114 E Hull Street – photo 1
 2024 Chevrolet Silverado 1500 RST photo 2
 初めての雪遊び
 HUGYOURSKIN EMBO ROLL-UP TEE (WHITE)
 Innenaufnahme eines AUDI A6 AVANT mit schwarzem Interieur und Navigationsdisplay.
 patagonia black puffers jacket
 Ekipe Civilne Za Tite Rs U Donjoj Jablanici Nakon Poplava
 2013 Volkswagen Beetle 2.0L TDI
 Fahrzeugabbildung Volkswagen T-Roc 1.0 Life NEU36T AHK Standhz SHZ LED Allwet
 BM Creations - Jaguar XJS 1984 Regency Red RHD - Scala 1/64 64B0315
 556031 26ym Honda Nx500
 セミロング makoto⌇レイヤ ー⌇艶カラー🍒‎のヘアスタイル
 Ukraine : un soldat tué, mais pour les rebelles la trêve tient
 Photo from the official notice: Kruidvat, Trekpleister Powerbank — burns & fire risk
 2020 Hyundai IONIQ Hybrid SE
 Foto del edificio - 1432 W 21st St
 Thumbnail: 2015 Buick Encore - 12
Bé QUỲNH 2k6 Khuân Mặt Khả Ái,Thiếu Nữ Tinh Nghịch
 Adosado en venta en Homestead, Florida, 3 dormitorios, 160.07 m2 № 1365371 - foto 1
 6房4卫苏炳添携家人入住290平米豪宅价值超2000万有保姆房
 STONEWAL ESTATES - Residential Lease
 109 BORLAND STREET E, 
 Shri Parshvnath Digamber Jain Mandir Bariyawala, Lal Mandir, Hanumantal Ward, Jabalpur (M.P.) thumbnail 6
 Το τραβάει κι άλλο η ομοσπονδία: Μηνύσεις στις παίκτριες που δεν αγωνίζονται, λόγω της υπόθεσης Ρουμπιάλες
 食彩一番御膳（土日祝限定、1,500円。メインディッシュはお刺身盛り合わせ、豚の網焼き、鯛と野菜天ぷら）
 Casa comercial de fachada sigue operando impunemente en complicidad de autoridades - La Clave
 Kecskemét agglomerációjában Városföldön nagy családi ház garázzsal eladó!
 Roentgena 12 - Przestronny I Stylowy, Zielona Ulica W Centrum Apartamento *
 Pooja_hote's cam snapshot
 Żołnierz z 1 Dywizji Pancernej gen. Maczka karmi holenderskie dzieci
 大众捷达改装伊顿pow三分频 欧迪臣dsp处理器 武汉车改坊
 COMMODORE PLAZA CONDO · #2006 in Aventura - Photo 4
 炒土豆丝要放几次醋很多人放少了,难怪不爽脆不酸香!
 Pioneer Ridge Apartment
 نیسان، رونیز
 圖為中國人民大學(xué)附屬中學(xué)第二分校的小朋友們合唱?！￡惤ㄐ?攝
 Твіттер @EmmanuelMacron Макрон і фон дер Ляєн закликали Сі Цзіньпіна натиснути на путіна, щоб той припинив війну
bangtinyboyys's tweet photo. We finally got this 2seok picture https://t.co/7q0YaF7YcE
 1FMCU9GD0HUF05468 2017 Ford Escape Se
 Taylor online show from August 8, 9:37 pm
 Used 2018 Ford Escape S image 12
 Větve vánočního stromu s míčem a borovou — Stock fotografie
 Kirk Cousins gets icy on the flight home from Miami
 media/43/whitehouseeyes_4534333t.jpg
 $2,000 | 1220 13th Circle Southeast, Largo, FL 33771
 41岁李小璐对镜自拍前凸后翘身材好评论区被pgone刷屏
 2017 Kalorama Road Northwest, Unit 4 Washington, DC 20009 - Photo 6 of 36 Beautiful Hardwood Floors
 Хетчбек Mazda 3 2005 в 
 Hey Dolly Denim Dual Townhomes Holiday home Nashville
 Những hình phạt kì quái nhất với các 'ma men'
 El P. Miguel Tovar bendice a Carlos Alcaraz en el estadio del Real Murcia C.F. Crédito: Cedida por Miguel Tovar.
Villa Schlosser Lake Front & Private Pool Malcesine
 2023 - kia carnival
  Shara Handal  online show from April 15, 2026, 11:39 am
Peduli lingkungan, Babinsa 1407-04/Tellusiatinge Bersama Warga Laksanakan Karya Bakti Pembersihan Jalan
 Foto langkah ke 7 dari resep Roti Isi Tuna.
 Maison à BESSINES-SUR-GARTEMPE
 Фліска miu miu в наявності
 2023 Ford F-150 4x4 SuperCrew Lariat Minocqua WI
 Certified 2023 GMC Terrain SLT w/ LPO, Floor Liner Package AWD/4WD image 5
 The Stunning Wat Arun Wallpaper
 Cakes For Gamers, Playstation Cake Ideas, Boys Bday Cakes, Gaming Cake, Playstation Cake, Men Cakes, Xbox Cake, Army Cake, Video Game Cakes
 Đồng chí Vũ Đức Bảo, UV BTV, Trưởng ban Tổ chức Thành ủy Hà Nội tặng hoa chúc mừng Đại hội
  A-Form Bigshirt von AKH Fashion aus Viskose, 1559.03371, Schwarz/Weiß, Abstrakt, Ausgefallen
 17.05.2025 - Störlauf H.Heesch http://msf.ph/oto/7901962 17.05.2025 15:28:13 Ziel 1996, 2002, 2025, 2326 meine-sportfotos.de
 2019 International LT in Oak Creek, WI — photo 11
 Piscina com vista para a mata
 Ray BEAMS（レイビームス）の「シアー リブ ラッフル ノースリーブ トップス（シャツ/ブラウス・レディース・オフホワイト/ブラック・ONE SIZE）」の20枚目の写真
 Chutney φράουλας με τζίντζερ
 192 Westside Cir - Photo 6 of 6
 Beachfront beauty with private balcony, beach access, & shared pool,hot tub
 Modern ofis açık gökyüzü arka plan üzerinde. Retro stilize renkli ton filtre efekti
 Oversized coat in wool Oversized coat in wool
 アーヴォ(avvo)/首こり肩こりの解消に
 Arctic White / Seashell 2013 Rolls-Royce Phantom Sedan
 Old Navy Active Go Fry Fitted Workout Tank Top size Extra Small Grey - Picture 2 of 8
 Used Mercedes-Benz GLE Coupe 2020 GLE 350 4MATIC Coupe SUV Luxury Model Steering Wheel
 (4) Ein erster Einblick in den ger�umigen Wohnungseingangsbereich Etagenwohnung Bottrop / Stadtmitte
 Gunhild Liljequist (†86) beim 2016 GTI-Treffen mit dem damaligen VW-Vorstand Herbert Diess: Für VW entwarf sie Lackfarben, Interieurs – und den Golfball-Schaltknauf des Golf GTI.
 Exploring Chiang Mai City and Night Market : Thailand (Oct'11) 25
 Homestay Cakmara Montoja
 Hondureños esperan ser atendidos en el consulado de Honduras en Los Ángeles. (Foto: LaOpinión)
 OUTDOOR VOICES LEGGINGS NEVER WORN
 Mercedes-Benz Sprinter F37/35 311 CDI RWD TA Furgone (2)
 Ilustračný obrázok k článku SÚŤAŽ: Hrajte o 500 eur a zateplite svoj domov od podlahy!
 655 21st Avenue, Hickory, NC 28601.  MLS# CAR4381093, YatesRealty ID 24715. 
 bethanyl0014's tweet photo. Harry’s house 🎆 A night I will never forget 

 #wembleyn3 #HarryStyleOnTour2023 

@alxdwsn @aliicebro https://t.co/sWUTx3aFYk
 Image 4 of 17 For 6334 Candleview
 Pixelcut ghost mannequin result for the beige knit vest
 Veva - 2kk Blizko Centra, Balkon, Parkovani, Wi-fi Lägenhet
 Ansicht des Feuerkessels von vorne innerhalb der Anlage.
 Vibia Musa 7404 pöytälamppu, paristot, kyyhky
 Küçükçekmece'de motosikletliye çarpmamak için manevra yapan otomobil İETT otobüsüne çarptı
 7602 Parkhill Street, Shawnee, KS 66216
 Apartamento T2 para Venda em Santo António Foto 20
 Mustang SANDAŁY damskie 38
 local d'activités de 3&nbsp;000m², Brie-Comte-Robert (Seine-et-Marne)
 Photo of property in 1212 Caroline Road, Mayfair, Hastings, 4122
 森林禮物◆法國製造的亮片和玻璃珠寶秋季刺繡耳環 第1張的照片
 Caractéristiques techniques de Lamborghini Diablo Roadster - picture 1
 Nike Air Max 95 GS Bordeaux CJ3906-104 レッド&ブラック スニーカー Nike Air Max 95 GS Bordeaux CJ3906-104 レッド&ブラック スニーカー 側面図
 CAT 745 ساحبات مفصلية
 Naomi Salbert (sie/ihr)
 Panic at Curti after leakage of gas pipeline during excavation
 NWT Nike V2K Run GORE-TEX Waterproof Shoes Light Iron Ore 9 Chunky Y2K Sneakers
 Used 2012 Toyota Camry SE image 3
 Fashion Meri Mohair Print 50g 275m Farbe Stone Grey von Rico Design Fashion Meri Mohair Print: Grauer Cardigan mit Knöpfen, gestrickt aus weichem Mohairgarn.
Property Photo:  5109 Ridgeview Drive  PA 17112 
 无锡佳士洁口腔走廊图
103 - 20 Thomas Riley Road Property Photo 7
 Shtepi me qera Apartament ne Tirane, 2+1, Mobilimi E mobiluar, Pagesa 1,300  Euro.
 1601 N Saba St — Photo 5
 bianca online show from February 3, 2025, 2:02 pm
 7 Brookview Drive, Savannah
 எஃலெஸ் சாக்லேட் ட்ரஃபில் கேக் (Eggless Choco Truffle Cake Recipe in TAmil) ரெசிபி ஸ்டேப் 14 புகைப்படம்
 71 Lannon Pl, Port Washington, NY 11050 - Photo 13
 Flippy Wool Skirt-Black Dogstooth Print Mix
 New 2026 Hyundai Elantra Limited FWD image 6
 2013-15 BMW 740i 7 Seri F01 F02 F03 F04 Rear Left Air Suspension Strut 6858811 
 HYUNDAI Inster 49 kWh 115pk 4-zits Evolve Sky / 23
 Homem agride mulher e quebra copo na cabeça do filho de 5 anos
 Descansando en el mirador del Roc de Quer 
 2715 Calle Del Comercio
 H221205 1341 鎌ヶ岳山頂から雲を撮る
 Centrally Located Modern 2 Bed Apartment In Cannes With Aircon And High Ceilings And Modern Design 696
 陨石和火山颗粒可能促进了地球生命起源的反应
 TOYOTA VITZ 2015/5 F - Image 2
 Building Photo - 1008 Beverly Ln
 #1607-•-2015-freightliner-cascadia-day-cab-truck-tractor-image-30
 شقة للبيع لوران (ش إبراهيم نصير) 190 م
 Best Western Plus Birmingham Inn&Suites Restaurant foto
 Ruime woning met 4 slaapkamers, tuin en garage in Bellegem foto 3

* _Exercise description_
Where does the string "online" appear in the records above? Return every line that holds it.

* _Answer for this exercise_
 Taylor online show from August 8, 9:37 pm
  Shara Handal  online show from April 15, 2026, 11:39 am
 bianca online show from February 3, 2025, 2:02 pm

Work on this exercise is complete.